Think in terms of great recordings from thirty to fifty years ago. Like old jazz recordings of the greats such as Charlie Parker, or old Beatles albums. Are these recordings anything less because they weren't recorded on modern day equipment? Not at all. They are great because of what went on in front of the microphone, not behind the scenes.

Yes, its back to basics here. What's funny is that when you were sitting down quietly with your guitar or at your piano, or humming away a tune, and something came to you that you felt and it somehow became music, if you were lucky enough to embody that emotion in your song and it carries to the listener, then the last thing you want to do is lose that magic in gadget land. I'm not suggesting producing poor quality sounding productions. By all means, get the best quality sound that you can afford. But I am suggesting that maybe instead of you trying to be both the musician and the engineer, that if you had to pick one over the other, you can always buy an engineer for your music. You can't buy the music. You may find it difficult to do it all yourself and not risk affecting the emotion of the music you want to record.

Second Point: Continuing on from Point One, there is often a subtle yet critical point that comes out of the concept of having a bunch of equipment at home - you tend to work alone a lot more. Well this could be fine, but often a mature recording is based on a team of people working on it. Where the songwriter has his or her role, the musicians play their part, the engineer plays their part and ideally a producer is in there, facilitating the entire process.

Well when you have all this equipment at home, there's no one around you to suggest something that you might not be aware of. Such as "that introduction is a bit long, isn't it?" or "Do you really think it might sound better with a vocal harmony here?", etc. These extra set of ears working on your music are a critical early quality control issue that doesn't happen when you are working alone. So the end product that you send out from your studio hasn't taken into consideration a number of people hearing it. Its hard sometimes to see the forest for the trees when you are writing and doing all of the other things that is part of making music. So consequently having some early opinions by people who can make a positive contribution is critical in obtaining a mature recording.

Third Point: Human drummers. Use humans for drumming wherever possible. There are obvious exceptions here, and that is music falling into a techno, house, ambient, rave, or hip hop classification (or similar). In these cases, drums are typically done using sampled drum loops. So there is a seperate set of rules there. But for the rest.....

Despite the fact that you have just spent hundreds or thousands of dollars on that new keyboard or drum machine, it just isn't going to cut it when you are putting together a "master" recording. Not for drums anyway. 9 out of 10 listeners will notice the difference between a human drummer and a drum machine. And its really a problem when you hear a poor sounding crash cymbal on a drum machine and it ruins the entire recorded production. It would probably be ok on a demo, but not on a master.

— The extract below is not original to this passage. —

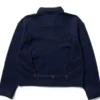 Levi’s × LOOPWHEELER × BEAMS Fleece Navy Jacket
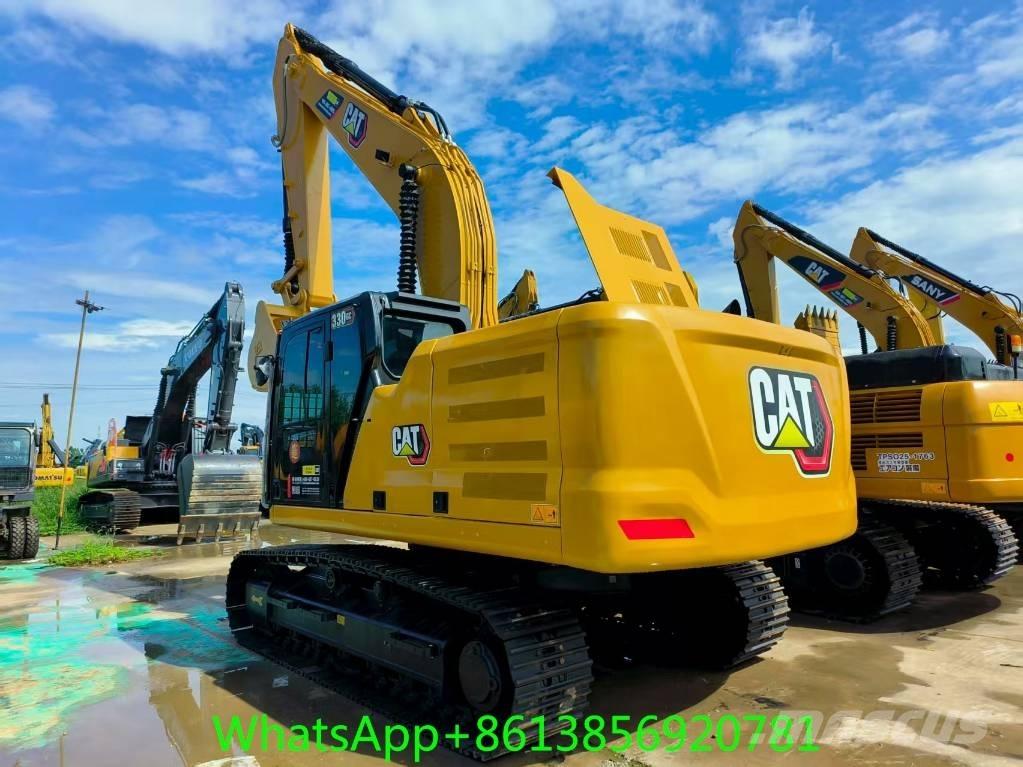 CAT 330GC Escavatori cingolati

The main reason why drummers are so critical is that they control the underlying feel of the music. Machines can't really do this. Of all the recordings that have come across my desk over the past 10 or so years, the ones with killer grooves played by a human drummer are the ones that worked. The only time I have found drum machines successful is when a drummer programmed them. Its just easier to have a drummer do it with a kit.

Drummers are critical in producing high quality master recordings. If you want to produce a master recording and don't know a drummer, talk to a recording studio and have them suggest a session drummer for your music. Session players vary in rates, but the hundred or so dollars that you are going to spend on a session drummer will make the world of difference to your production.

These are highly noticeable points to me when I judged my part of various songwriting competitions.

I should say that I have come across some excellent submissions this way. But the ones that touched me were able to provide emotion and feeling embodied in a quality sounding product. Let's keep up the good work and let's keep some of these points in mind with a view to raising the standard of music productions.